- Your goal
Print the records below exactly, with no pictures.

*** Stored data ***

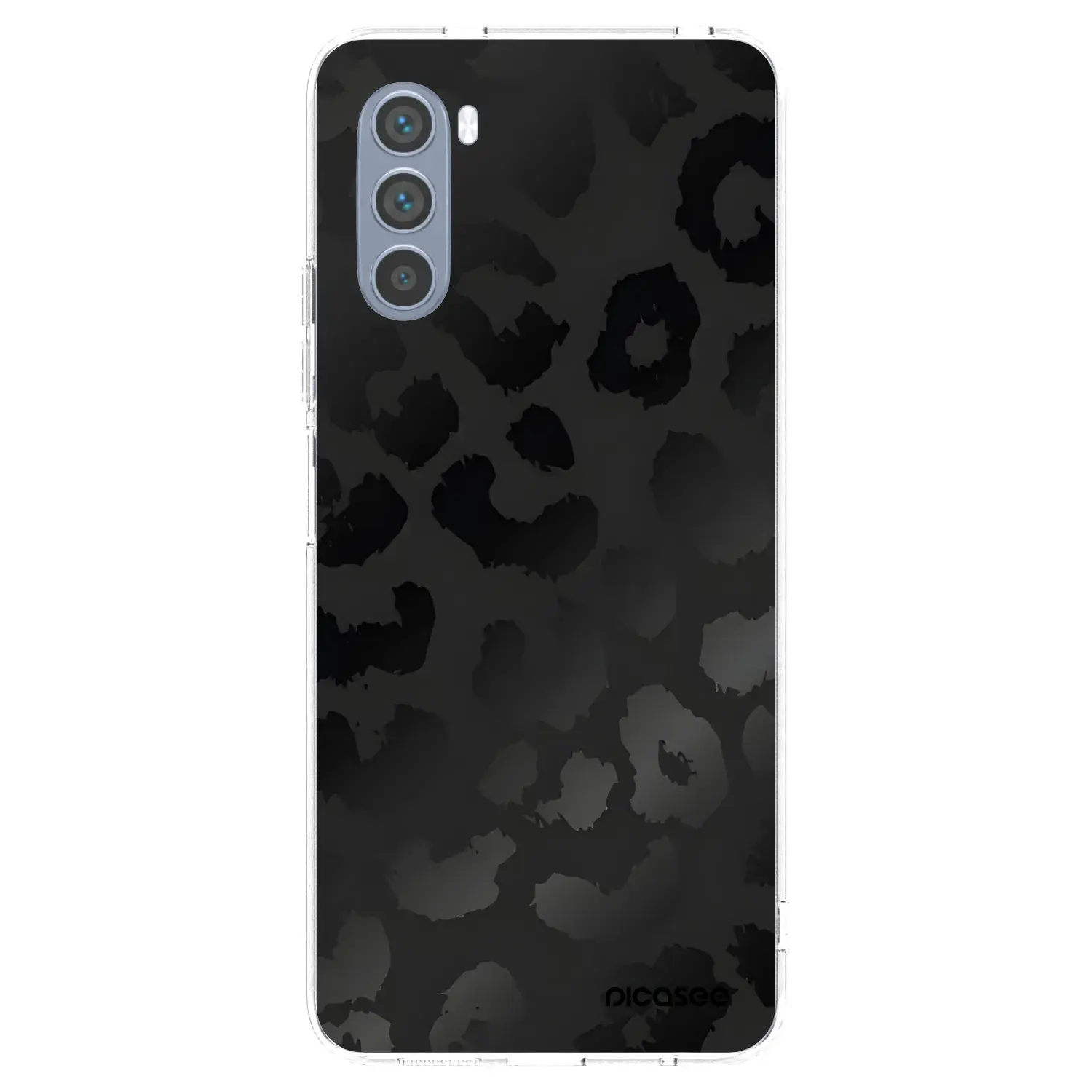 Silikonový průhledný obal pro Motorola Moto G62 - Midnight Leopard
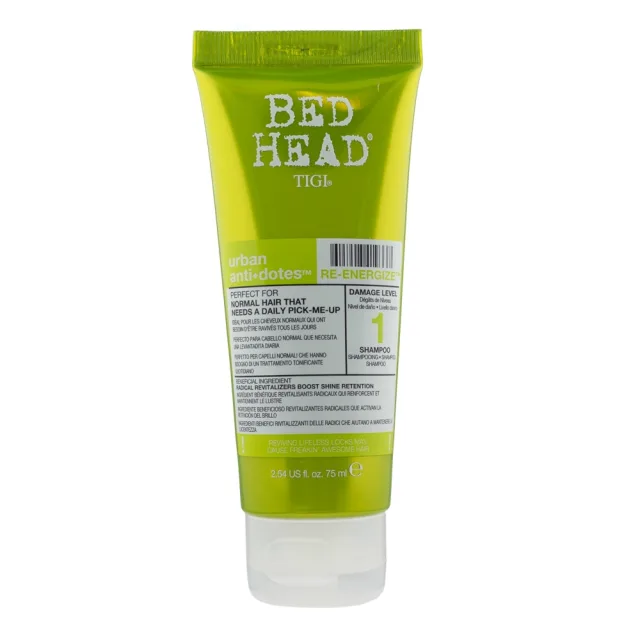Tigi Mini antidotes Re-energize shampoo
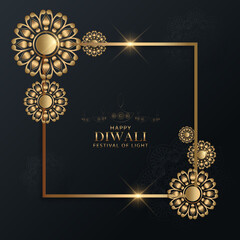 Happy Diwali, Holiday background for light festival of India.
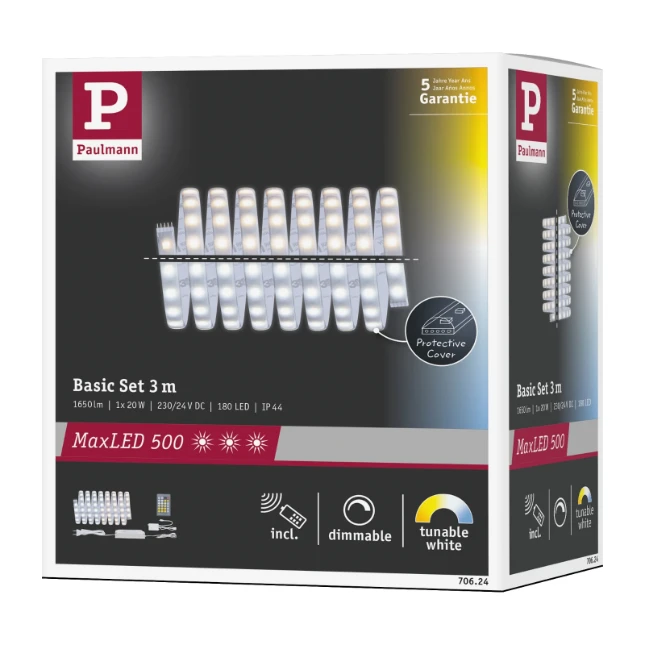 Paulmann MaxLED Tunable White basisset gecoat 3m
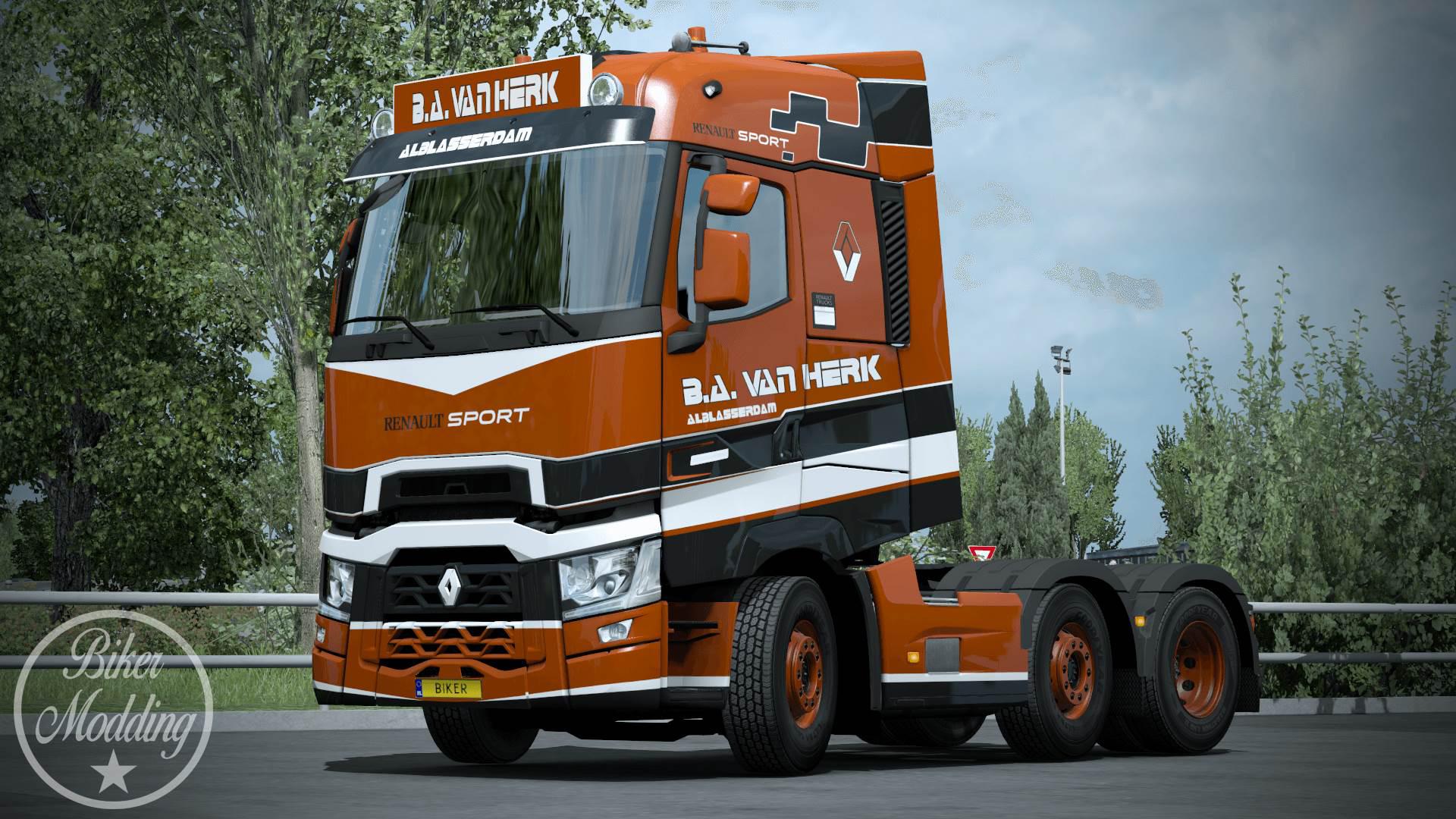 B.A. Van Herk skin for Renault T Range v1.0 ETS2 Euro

***

- Answer area
 Silikonový průhledný obal pro Motorola Moto G62 - Midnight Leopard
Tigi Mini antidotes Re-energize shampoo
 Happy Diwali, Holiday background for light festival of India.
 Paulmann MaxLED Tunable White basisset gecoat 3m
 B.A. Van Herk skin for Renault T Range v1.0 ETS2 Euro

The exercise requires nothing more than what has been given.